Source material:
^^^^
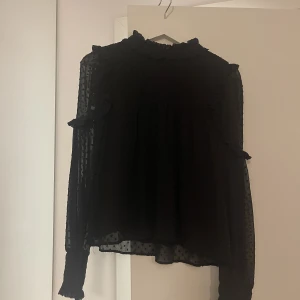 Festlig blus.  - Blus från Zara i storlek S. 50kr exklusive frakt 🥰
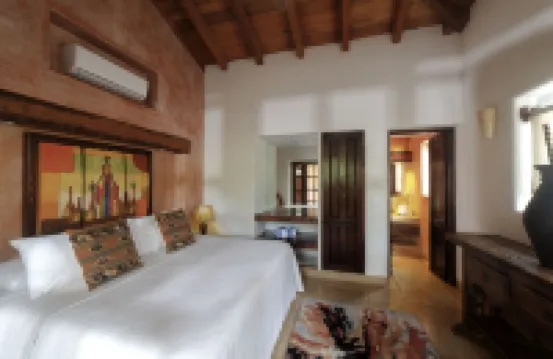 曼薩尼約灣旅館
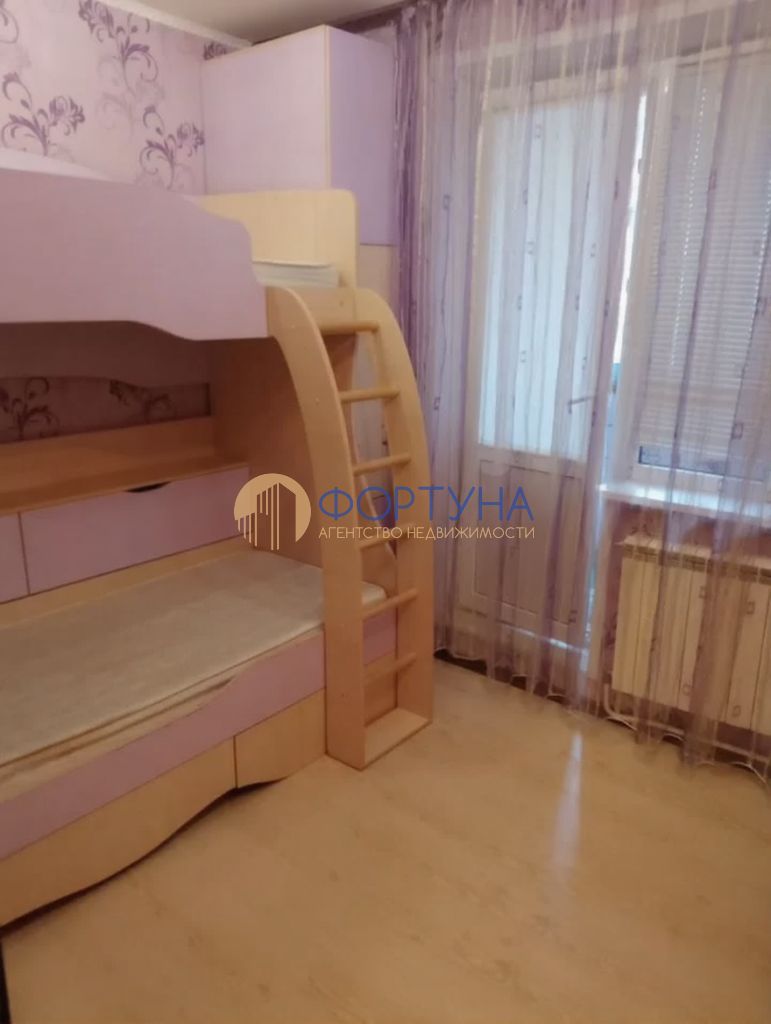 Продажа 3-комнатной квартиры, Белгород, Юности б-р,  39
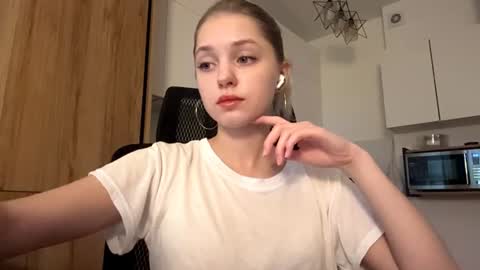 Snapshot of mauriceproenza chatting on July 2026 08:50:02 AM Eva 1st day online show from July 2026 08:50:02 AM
^^^^
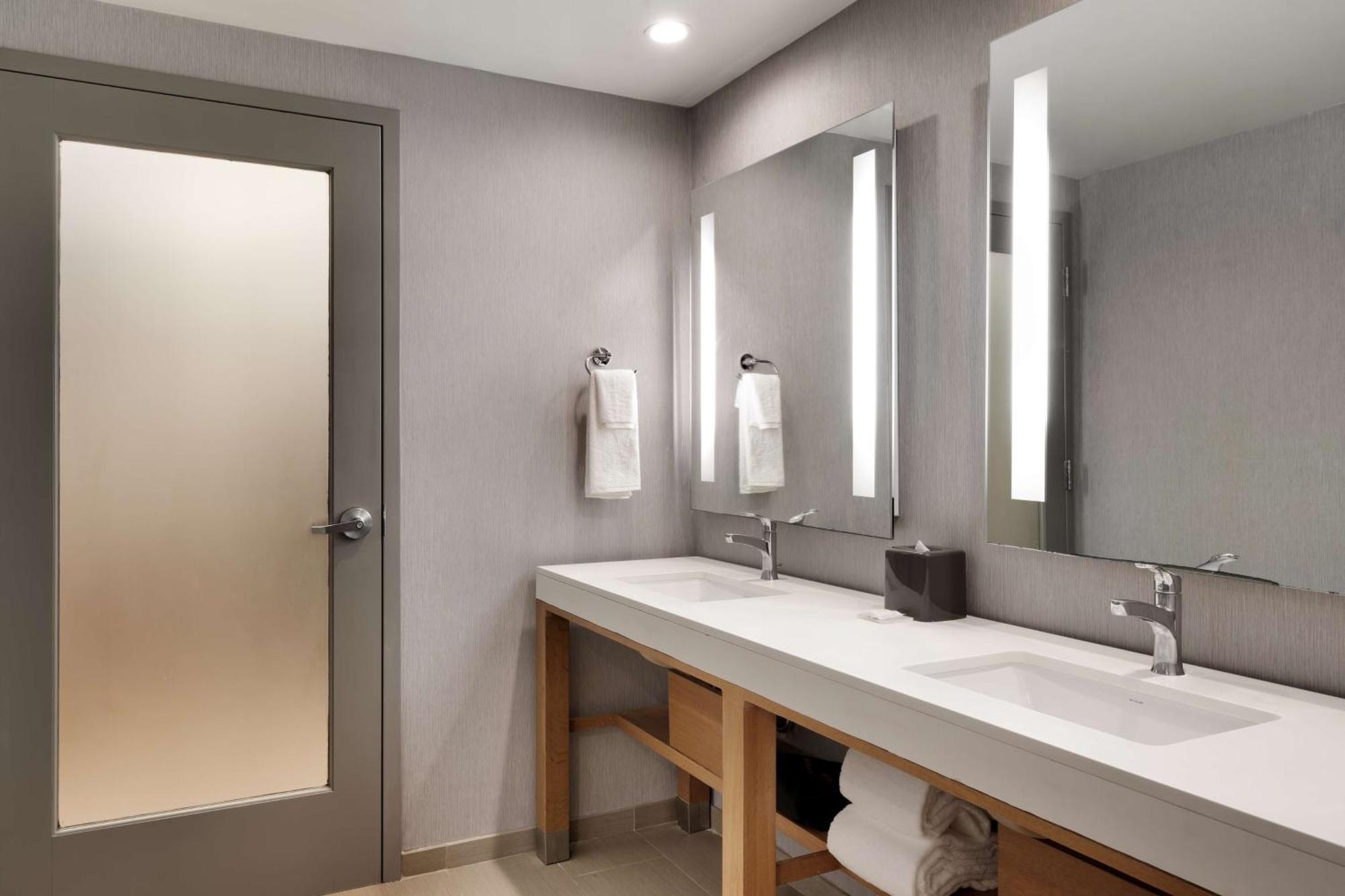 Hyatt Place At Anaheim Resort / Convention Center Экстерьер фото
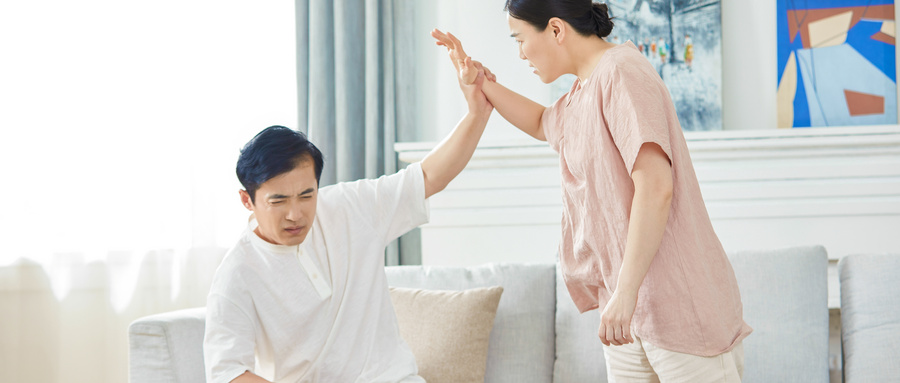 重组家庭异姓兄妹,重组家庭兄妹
^^^^
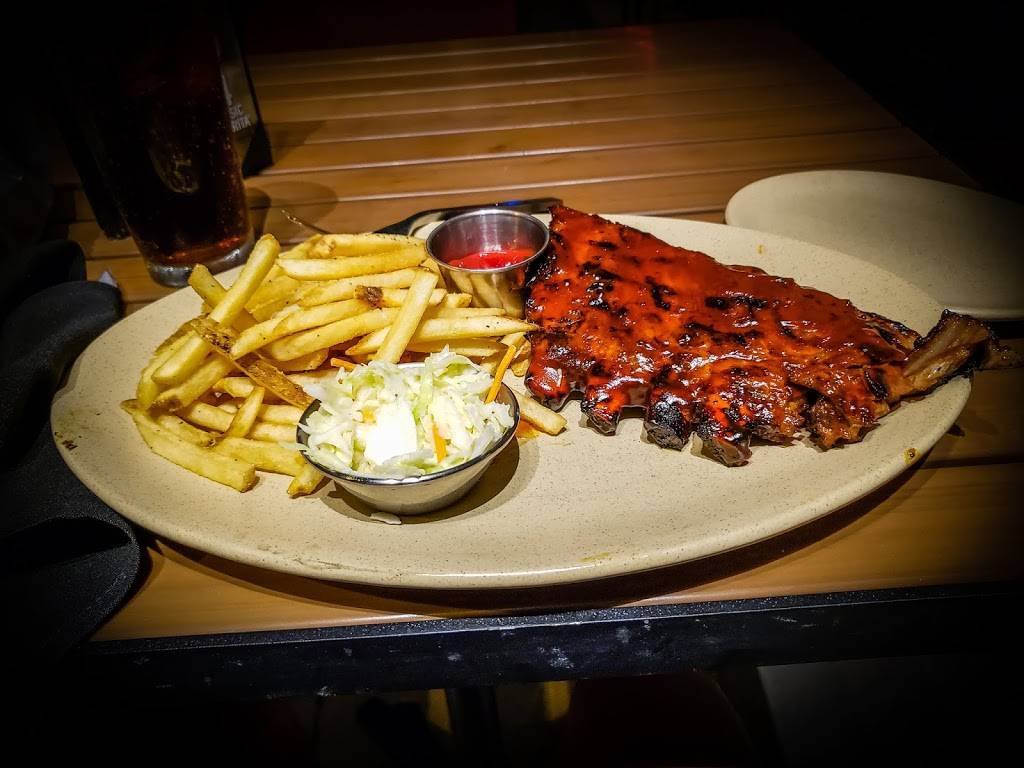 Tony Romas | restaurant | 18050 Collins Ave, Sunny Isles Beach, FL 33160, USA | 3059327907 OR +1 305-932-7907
^^^^
What you are asked to do: Only one stretch of the listing above is to be duplicated: the lines from the one containing "Hyatt Place At" through the one containing "重组家庭异姓兄妹,重组家庭兄妹", both included. Copy them exactly, minus the pictures.

Solution to the problem:
 Hyatt Place At Anaheim Resort / Convention Center Экстерьер фото
 重组家庭异姓兄妹,重组家庭兄妹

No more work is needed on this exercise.